Last week, a coalition of over 100 drug policy, civil rights, criminal justice, and public health organizations sent a letter (pdf) urging Congress and the Biden administration to let Trump’s emergency classification of fentanyl expire and “instead support legislation grounded in public health and evidence-based approaches to illicit fentanyl-related overdose deaths.”
“Our country is repeating past missteps when it comes to policy responses to fentanyl and its analogues,” the coalition wrote. “In the 1980s, policymakers enacted severe mandatory minimums for small amounts of crack cocaine in response to media headlines and law enforcement warnings that perpetuated mythology and fear.”

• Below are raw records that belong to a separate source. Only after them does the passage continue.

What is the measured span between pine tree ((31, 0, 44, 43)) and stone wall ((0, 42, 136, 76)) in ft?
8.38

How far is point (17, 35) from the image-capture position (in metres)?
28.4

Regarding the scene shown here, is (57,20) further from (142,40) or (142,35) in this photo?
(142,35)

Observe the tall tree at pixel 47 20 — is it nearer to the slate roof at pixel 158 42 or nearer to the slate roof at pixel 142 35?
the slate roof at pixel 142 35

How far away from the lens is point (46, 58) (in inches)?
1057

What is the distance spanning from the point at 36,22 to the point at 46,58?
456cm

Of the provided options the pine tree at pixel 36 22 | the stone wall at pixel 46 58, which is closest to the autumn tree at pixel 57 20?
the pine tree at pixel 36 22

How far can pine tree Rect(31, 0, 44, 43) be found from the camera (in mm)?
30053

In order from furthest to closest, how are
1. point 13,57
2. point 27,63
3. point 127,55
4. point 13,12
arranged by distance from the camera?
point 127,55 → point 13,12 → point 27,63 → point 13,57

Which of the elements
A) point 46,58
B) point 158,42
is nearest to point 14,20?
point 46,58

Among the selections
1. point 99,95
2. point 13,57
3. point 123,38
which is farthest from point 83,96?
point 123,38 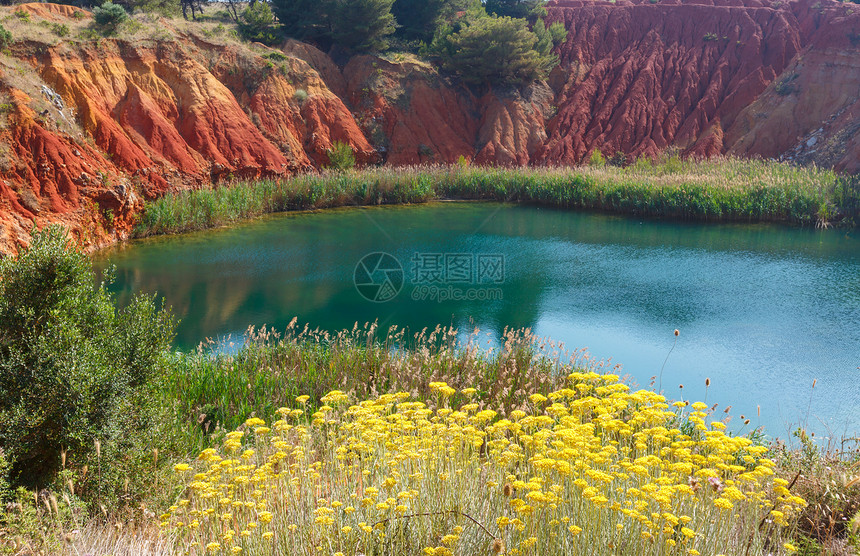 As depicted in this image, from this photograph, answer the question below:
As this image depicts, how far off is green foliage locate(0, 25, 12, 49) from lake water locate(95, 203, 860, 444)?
991 centimetres

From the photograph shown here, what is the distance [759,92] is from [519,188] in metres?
18.8

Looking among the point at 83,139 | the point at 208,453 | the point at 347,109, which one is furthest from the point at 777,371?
the point at 347,109

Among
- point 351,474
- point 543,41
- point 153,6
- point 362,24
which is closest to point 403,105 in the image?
point 362,24

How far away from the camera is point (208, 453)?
4.22 metres

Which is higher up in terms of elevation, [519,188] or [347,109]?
[347,109]

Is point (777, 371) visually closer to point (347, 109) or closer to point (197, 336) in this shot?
point (197, 336)

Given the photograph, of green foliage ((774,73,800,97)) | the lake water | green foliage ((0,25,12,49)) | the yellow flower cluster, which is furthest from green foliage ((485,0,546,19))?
the yellow flower cluster

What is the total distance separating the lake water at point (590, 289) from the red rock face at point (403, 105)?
380 cm

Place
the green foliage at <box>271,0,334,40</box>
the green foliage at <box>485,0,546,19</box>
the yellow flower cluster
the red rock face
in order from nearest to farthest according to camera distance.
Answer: the yellow flower cluster < the red rock face < the green foliage at <box>271,0,334,40</box> < the green foliage at <box>485,0,546,19</box>

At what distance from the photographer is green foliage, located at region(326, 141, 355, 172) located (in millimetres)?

“In the ensuing decades,” the coalition added, “people of color have been disproportionately incarcerated and sentenced to mandatory minimum sentences for small amounts of crack cocaine. The emergence of fentanyl-related substances in recent years has fueled similar waves of alarmist media and law enforcement headlines that are informed by mythology rather than science.”

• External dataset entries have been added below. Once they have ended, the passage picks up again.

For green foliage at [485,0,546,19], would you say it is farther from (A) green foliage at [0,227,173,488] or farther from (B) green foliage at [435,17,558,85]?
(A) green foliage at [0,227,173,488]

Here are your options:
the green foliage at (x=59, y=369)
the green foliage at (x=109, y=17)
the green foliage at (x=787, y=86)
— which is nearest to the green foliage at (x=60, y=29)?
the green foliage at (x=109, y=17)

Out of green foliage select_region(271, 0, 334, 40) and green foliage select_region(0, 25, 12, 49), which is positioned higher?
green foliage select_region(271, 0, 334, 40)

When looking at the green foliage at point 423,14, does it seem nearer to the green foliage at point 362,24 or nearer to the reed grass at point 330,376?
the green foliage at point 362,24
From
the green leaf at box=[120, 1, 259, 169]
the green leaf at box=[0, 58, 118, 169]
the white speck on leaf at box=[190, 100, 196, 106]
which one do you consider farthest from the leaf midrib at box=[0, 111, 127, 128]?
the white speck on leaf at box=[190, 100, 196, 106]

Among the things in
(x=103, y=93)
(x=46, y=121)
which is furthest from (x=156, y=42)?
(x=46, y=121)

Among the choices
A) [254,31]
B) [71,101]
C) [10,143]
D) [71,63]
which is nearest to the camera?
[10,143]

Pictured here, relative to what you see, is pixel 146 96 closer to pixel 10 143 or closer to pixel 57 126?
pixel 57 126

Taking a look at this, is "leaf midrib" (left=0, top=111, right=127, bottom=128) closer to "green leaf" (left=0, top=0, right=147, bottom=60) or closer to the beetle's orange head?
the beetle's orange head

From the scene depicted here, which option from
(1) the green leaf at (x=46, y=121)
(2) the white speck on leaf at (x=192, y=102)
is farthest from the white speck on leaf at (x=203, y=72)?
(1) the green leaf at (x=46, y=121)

“Any further extension of the Trump administration’s class-wide scheduling policy,” the groups warned, “threatens to repeat past missteps with crack cocaine that policymakers are still working to rectify.”
“As we approach the 50-year milestone of President Nixon’s announcement of the war on drugs, there is ample evidence that these unscientific policies destroy communities, entrench racial disparities, and do nothing to reduce drug supply or demand.”
—Coalition letter
The coalition added that “as we approach the 50-year milestone of President Nixon’s announcement of the war on drugs, there is ample evidence that these unscientific policies destroy communities, entrench racial disparities, and do nothing to reduce drug supply or demand.”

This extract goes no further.